Find an arc length of $f(x) = \sqrt{x+2}$ $\quad \land \quad x\in<0,2>$
$$f'(x) = \frac{1}{2\sqrt{x+2}}$$
$$\int_{0}^{2} \sqrt{1+[f'(x)]^2}dx = $$
$$\int_{0}^{2} \sqrt{1+\Bigg[\frac{1}{2\sqrt{x+2}}\Bigg]^2}dx = $$
$$\int_{0}^{2} \sqrt{1+\frac{1}{4x+8}}dx = $$
$$\int_{0}^{2} \sqrt{\frac{4x+9}{4x+8}}dx = $$
$$\int_{0}^{2} \frac{4x+9}{\sqrt{(4x+8)(4x+9)}}dx = $$
$$\int_{0}^{2} \frac{4x+9}{\sqrt{16x^2 + 68x + 72}}dx = $$
$$\frac{1}{8} \int_{0}^{2} \frac{32x+68 + 4}{\sqrt{16x^2 + 68x + 72}}dx = $$
$$\frac{1}{8} \int_{0}^{2} \frac{32x+68}{\sqrt{16x^2 + 68x + 72}}dx + \frac{1}{2} \int_{0}^{2} \frac{dx}{\sqrt{16x^2 + 68x + 72}} = $$
$$\frac{1}{8} \int_{0}^{2} \frac{32x+68}{\sqrt{16x^2 + 68x + 72}}dx + \frac{1}{2} \int_{0}^{2} \frac{dx}{\sqrt{16x^2 + 68x + 72}} = $$
$$\frac{1}{8} \int_{72}^{272} \frac{dt}{\sqrt{t}} + \frac{1}{2} \int_{0}^{2} \frac{dx}{\sqrt{16\Big[ (x + \frac{17}{8})^2 + \frac{16}{1024}\Big]}} = $$
$$\frac{1}{8} \int_{72}^{272} \frac{dt}{\sqrt{t}} + \frac{1}{8} \int_{0}^{2} \frac{dx}{ (x + \frac{17}{8})^2 + \frac{1}{64}} = $$
$$\frac{1}{8} \int_{72}^{272} \frac{dt}{\sqrt{t}} + \frac{1}{8} \int_{\frac{17}{8}}^{\frac{33}{8}} \frac{du}{ u^2 + \frac{1}{64}} = $$
$$\frac{1}{4}\sqrt{t} \Bigg\rvert_{72}^{272} + \arctan{(8u)} \Bigg\rvert_{\frac{17}{18}}^{\frac{33}{8}} = $$
$$= \Bigg[ \frac{\sqrt{272} - \sqrt{72}}{4}\Bigg] \Bigg\rvert_{72}^{272} + \Bigg[ \arctan{33} - \arctan{17} \Bigg] \Bigg\rvert_{\frac{17}{18}}^{\frac{33}{8}} = $$
$$= \Bigg[ \frac{2\sqrt{17} - 3\sqrt{2}}{2}\Bigg] \Bigg\rvert_{72}^{272} + \Bigg[ \arctan{33} - \arctan{17} \Bigg] \Bigg\rvert_{\frac{17}{18}}^{\frac{33}{8}} $$
$$\approx 2.03$$
The result should be $\approx 2.08$.
So I got some mistake, not sure where.
Anyway, is there a friendlier way to find this arc length?

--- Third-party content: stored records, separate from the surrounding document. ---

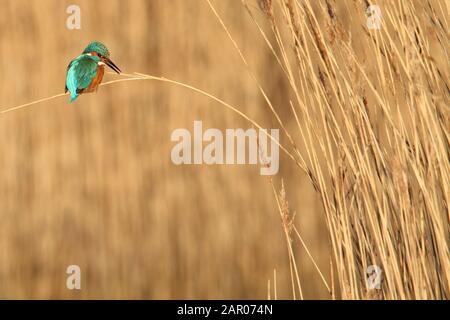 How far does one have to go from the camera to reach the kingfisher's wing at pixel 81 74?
186 centimetres

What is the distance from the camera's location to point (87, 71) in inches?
74.2

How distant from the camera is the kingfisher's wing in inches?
73.3

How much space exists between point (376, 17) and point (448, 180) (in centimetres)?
30

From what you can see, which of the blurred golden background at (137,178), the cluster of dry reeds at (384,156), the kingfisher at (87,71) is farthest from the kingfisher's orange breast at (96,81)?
the blurred golden background at (137,178)

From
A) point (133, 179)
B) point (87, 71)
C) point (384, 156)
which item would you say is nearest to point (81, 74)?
point (87, 71)

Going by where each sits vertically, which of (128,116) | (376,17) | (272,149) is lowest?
(376,17)

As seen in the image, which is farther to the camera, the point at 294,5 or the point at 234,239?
the point at 234,239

And also, can $\arctan{33} - \arctan{17}$ be further simplified?
Cheers
You can use inverse function to calculate the same arc: $y=x^2-2$ is the inverse so the equivalent arc length will be
$$\int_{\sqrt{2}}^{2} \sqrt{1+4x^2}dx = \Bigg[\frac{1}{4}\ln(2x+\sqrt{1+4x^2})+\frac{1}{2}x\sqrt{1+4x^2}\Bigg] \Bigg\rvert_{\sqrt{2}}^{2}=\frac{1}{4}\Big(\ln (4+\sqrt{17})-\ln(2\sqrt{2}+3)\Big)+\sqrt{17}-1.5\cdot \sqrt{2} \approx 2.08 $$
(the integral can be solved by trig substitution $2x=\tan u$ but I just looked at integral tables).